Let $$f(t) = \int_0^t \cos\left(-1+\frac{ix}{\omega}\right)e^{-x}dx,$$ Let $\alpha = -1+\frac{ix}{\omega}$. We know that $$\cos\left(-1+\frac{ix}{\omega}\right)e^{-x} = \cos(\alpha)e^{-x} = \frac{e^{i\alpha } + e^{-i\alpha }}{2}e^{-x} = \frac{1}{2}e^{-i}e^{\frac{-x}{\omega} - x} + \frac{1}{2}e^{i}e^{\frac{x}{\omega} - x}$$ So we have $$f(t) = \frac{1}{2}e^{-i}\int_0^t e^{\frac{-x}{\omega} - x}dx + \frac{1}{2}e^{i}\int_0^t e^{\frac{x}{\omega} - x}dx = \frac{1}{2}e^{-i}\frac{1-e^{\frac{-t}{\omega} - t}}{\frac{1}{\omega} + 1} + \frac{1}{2}e^{i}\frac{e^{\frac{t}{\omega} - t} - 1}{\frac{1}{\omega} - 1} = \frac{-e^{\frac{-t}{\omega} - t - i}}{2(\frac{1}{\omega} + 1)} + \frac{e^{\frac{t}{\omega} - t + i}}{2 (\frac{1}{\omega} - 1)} + \frac{e^{-i}}{2 (\frac{1}{\omega} + 1)} - \frac{e^i}{2 (\frac{1}{\omega} - 1)}$$ Note that the two last terms are constant. If $\omega \gt 1$ or $\omega \lt -1$ $$\lim_{t \to \infty}\frac{-e^{\frac{-t}{\omega} - t - i}}{2(\frac{1}{\omega} + 1)} = \lim_{t \to \infty} \frac{e^{\frac{t}{\omega} - t + i}}{2 (\frac{1}{\omega} - 1)} =0$$ And $$\lim_{t \to \infty} f(t) = \frac{e^{-i}}{2 (\frac{1}{\omega} + 1)} - \frac{e^i}{2 (\frac{1}{\omega} - 1)}$$ When $-1\lt\omega \lt 1$ we have $\frac{-1}{\omega} - 1 \gt 1$ or $\frac{1}{\omega} - 1 \gt 1$ and so the improper integral diverges. Additionally $\omega = 1$ or $\omega = -1$ leads to a divergent improper integral because in those cases $f(t) = t + (\dots)$. If you want to use epsilon-delta definition, prove that $\lim_{x \to \infty} e^{ax} = 0$ if $a\lt 0$ and if $a \gt 0$ then $\lim_{x \to \infty} e^{ax} = \infty$.
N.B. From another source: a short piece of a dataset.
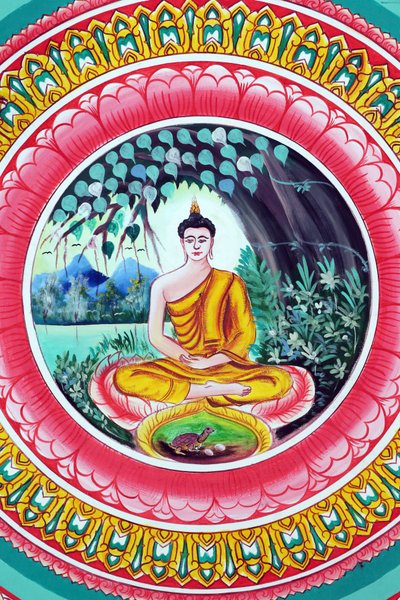 20151029, Vientiane, Laos : Wat Inpengin buddhalainen temppeli. Shakyamuni Buddhan elämäntarinaa kuvaava maalaus. Buddha istuu meditaatioasennossa tekijältä Unbekannt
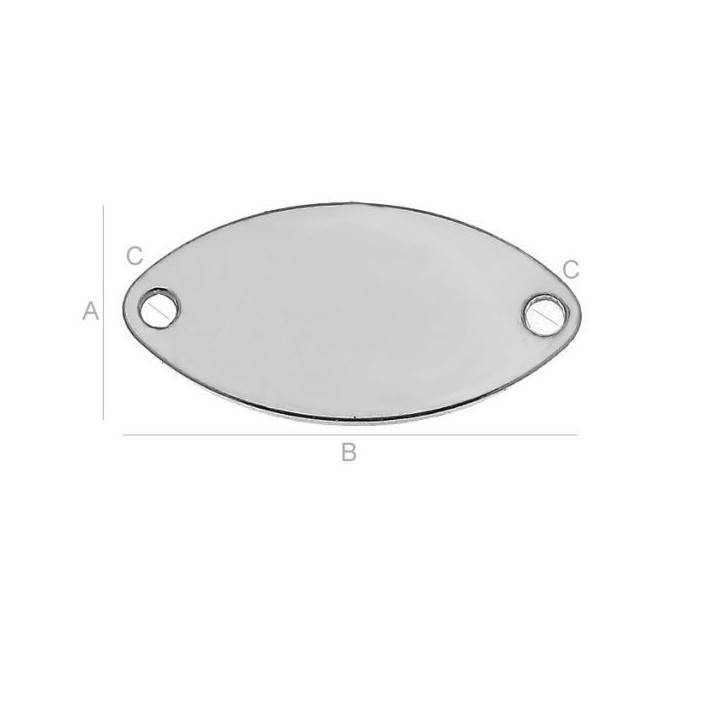 G0643-Link oval argint cu 2 gauri 7.5x15mm - bijuterii personalizate din argint | simoshop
Another way to do that is Laplace transform. We have $$\cos\left(-1+\frac{ix}{\omega}\right) = \cos(1) \cosh(\frac{x}{\omega}) + i \sin(1) \sinh(\frac{x}{\omega})$$ It's known that if $\Re\{s\} \gt |\alpha|$ $$\mathcal L \{\sinh \alpha x \} = \frac{\alpha}{s^2 - \alpha^2}$$ And $$\mathcal L \{\cosh \alpha x \} = \frac{s}{s^2 - \alpha^2}$$ Let $s = 1$ and $\alpha = \frac{1}{\omega}$ so if $1 \gt |\frac{1}{\omega}|$ or equivalently $|\omega| \gt 1$ $$\int_0^\infty \cos\left(-1+\frac{ix}{\omega}\right)e^{-x}dx = \cos(1)\frac{1}{1^2 - (\frac{1}{\omega})^2} + i \sin(1) \frac{\frac{1}{\omega}}{1^2 - (\frac{1}{\omega})^2}$$ which is the same as the former result after rearranging.